Friday, January 27, 2012
Am I crazy, or does this sound like Russian to you?
This is the flip side of They're Coming To Take Me Away Ha Ha by Napoleon XIV, a novelty song that has been called one of the worst records ever made. Maybe I'm just nuts or something, but I loved this song when I first heard it, and I still think it's really fun today. The flip side was just the same song running in reverse. Even the label was a mirror image, with just a couple of exceptions. This may not be your cup of tea, but you can't deny that it's a very strange piece of pop music history!

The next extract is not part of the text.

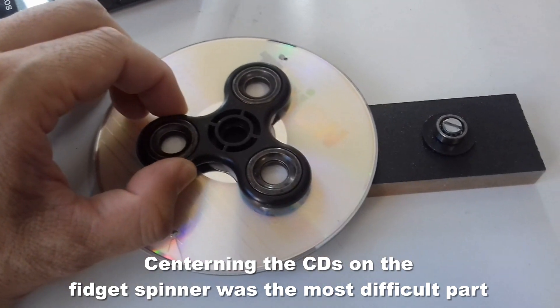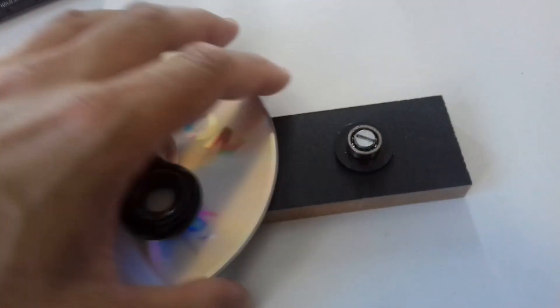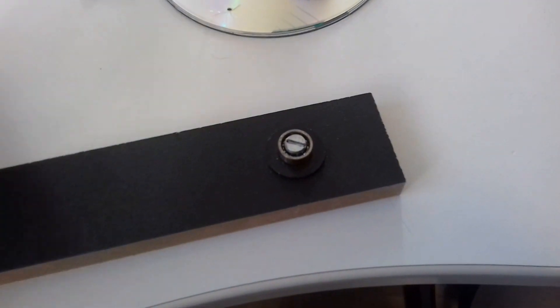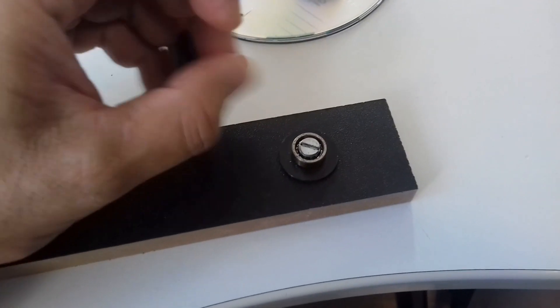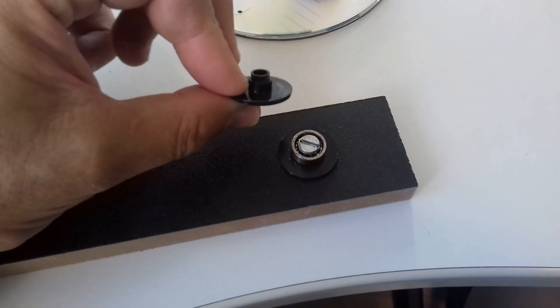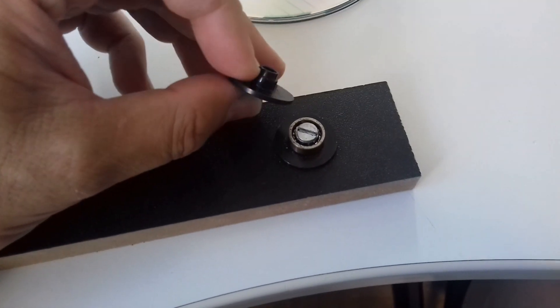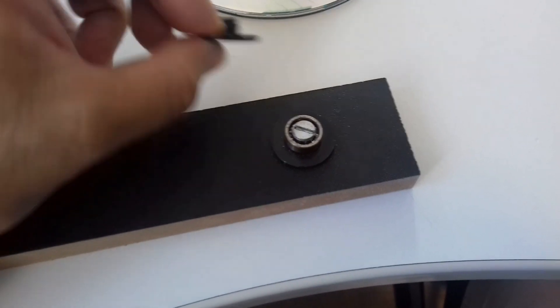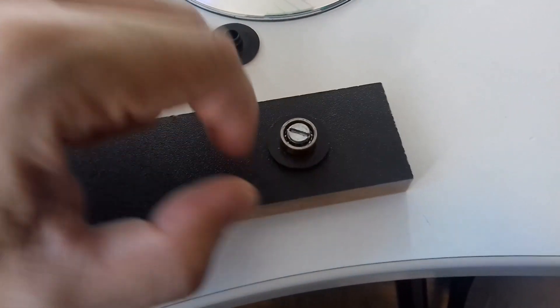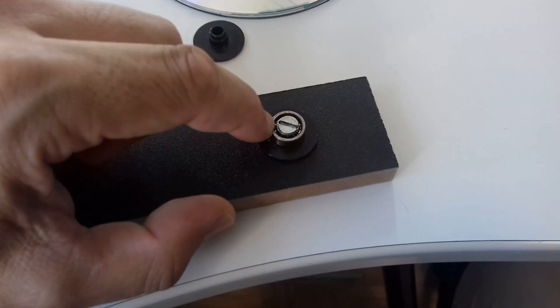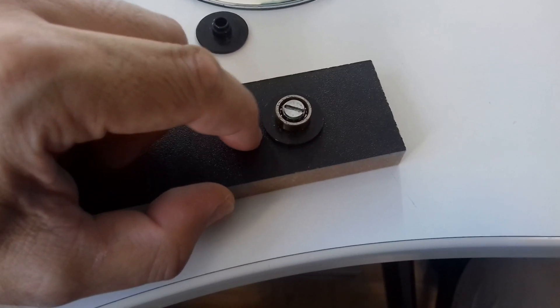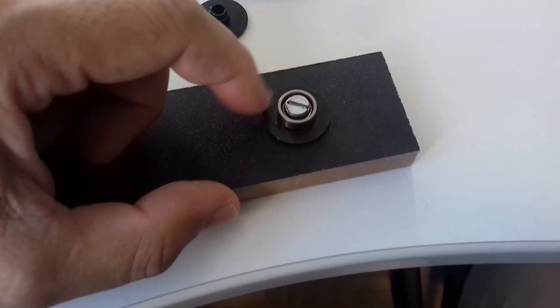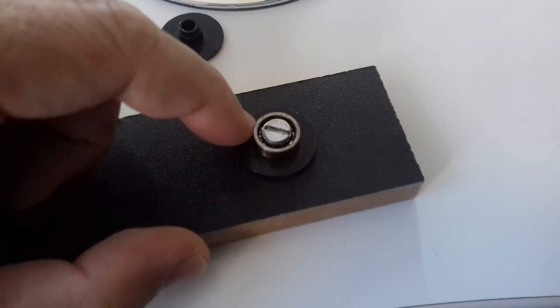The ball bearing has two plastic caps on both sides of the fidget spinner that are held together by friction and can be separated quite easily. One of them I mounted to the wood using a screw. The screw also holds the ball bearing in place, and it's rotating quite freely.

Napoleon XIV was actually a professional songwriter named Jerry Samuels who started writing songs when he was 16 years old. Jerry was born on 3 May 1938 in Brooklyn, New York. The first song published with his name in the composer credits was called To Ev'ry Girl To Ev'ry Boy (The Meaning Of Love) by Johnnie Ray on Columbia 40252 in 1954:
He actually wrote this song with Sol Parker, even though it's credited to B. Parker. That's Sol's father, Barry. The same thing happened on Jerry's second published song, The Only Girl I'll Ever Love by Johnnie Ray on Columbia 40324 in 1955. The first song written solely by Jerry Samuels was So Rich And Yet So Very Poor by Tommy Mara on RKO Unique 377 in 1956. The biggest hit he wrote, but did not sing, came in 1964 with The Shelter Of Your Arms by Sammy Davis Junior, which peaked at #17 on Billboard's Hot 100.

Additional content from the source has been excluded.